Electrostatic and HEPA Air Purifiers are two technologies that appear similar; however, they have major differences in their technology and particle removal. Electrostatic Air Purifiers work with static electricity to charge particles inside the air purifier. As a result, the charged particles stick to the sides of the internal filtration system and are removed from your indoor air. Unlike HEPA Air Purifiers, Electrostatic Air Purifiers do not use filters. Instead, owners are instructed to rinse out the internal filtration system every four to six weeks. HEPA Air Purifiers, like all Alen Air Purifiers, use HEPA style filtration to capture and remove particles from your indoor air.
After six to eight months of regular use, it is recommended to replace your HEPA Air Purifiers' filters for optimal air quality. By replacing your filters, you dispose of the particles, remove them from your home and improve the performance of your HEPA Air Purifier. As a comparison, Electrostatic Air Purifiers may appear to provide a benefit of never having to replace filters. However, the minute particles begin collecting in the filtration system, the air purifier's efficiency begins to decrease. Cleaning these particles can be quite complicated, as it requires taking apart the internal filtration system and sometimes using specified cleaning fluids for best results. In addition, you must wait until the system is completely dry to return it to the air purifier, which may take some time. Ensuring the performance of HEPA Air Purifiers requires little time investment as you simply replace the old filter.

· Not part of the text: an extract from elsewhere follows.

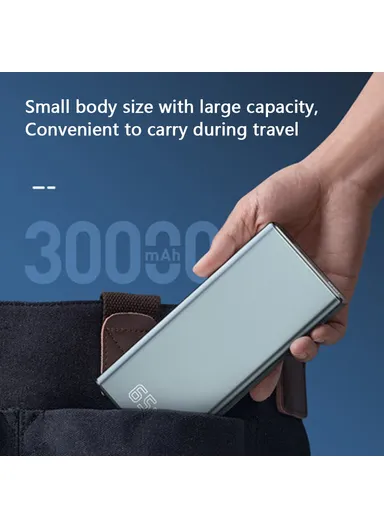 30000mAh 65W PD Fast Charging Power Bank Phone Charger External Battery T146LP (L16 x W5 x H4.5)cm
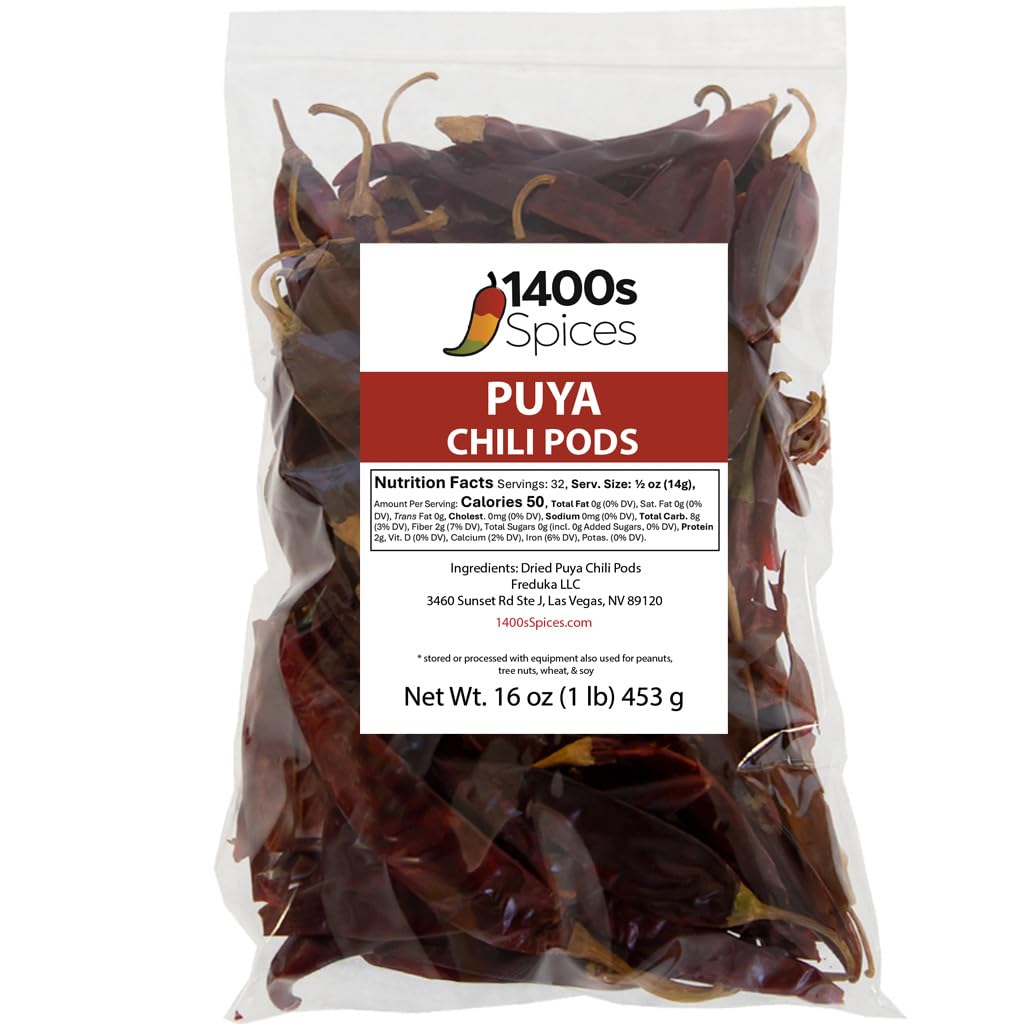 1400S SPICES front view of whole Puya chile pods showing bulk packaging and ingredient clarity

HEPA Air Purifiers and Electrostatic Air Purifiers also vary in their first-pass efficiency rate. By definition, this is the amount of particles captured by the air purifier during the first air exchange. To understand this, think of dusting your home. When you remove a large amount of dust with your first swipe of a duster, you are removing dust faster and more efficiently. This is the same as a first-pass efficiency rate. It is simply the rate of mold, dust, dander, pollen, etc. removed during the air's first pass through HEPA Air Purifiers' or Electrostatic Air Purifiers' filtration system.
HEPA Air Purifiers typically have an 87-99 percent first-pass efficiency rate, meaning HEPA Air Purifiers catch more particles faster. Electrostatic Air Purifiers have a 60-80 percent first-pass efficiency rate and require a longer amount of time to improve your indoor air quality. In addition, Electrostatic Air Purifiers must be run at a lower speed to be most effective. Meaning, if air passes through too quickly, particles will not be charged and removed by the air purifier. HEPA Air Purifiers may be run at any level and still catch 87-99 percent of airborne particles within the first air exchange.